Preface:  Breaking the Consulting “Rulebook”

Power Pivot Allows Us to Set a Much Higher Bar - and Then Clear It

This may seem bold:  Starting about six months ago, whenever I find myself in a room with spreadsheet/business/database people, one of the first things I tell them is that Power Pivot won’t just change their work, it will change their LIVES.  That’s right – I tell them, with a straight face, that this business technology will actually make them happier.

That violates one of the unwritten rules of consulting, which is to underpromise and overdeliver – set expectations low enough that no one ever has reason to complain or be disappointed.

I understand why it’s traditionally a good practice to “set the bar low.”  I get it.  I truly do.

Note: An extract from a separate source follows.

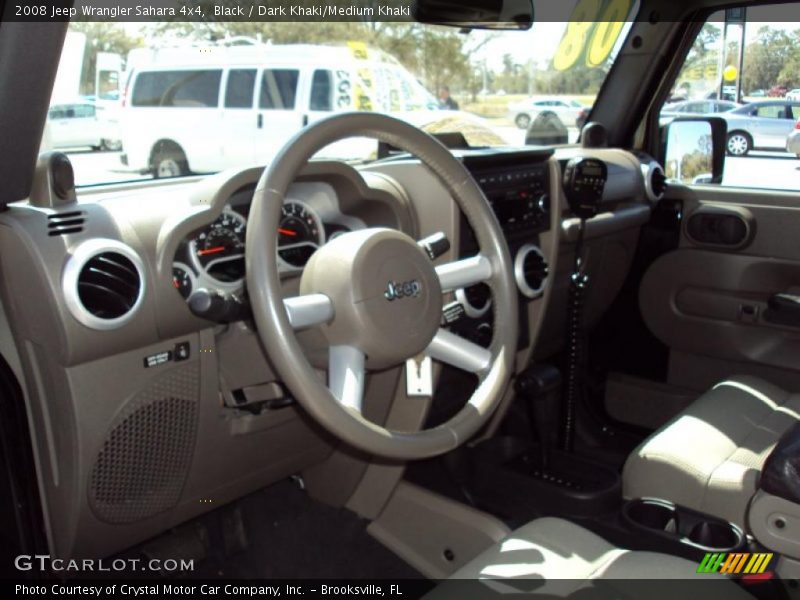 Black / Dark Khaki/Medium Khaki 2008 Jeep Wrangler Sahara 4x4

“Consumer with Choices” vs. “Empowered Producer” is a BIG Difference

But Power Pivot is different.  Yes, in the truly breakthrough, transformational sense – you knew I was going to say that.  But different in another critical sense as well – it requires (and incents!) the analyst types on the Business side to participate to a degree unlike with any other BI tool.

No matter how they are marketed, every other BI tool I have ever seen treats the business user as a glorified Consumer.  Yes, Business Objects and Cognos for sure, but I’m also looking at you, Tableau and Qlikview and Spotfire.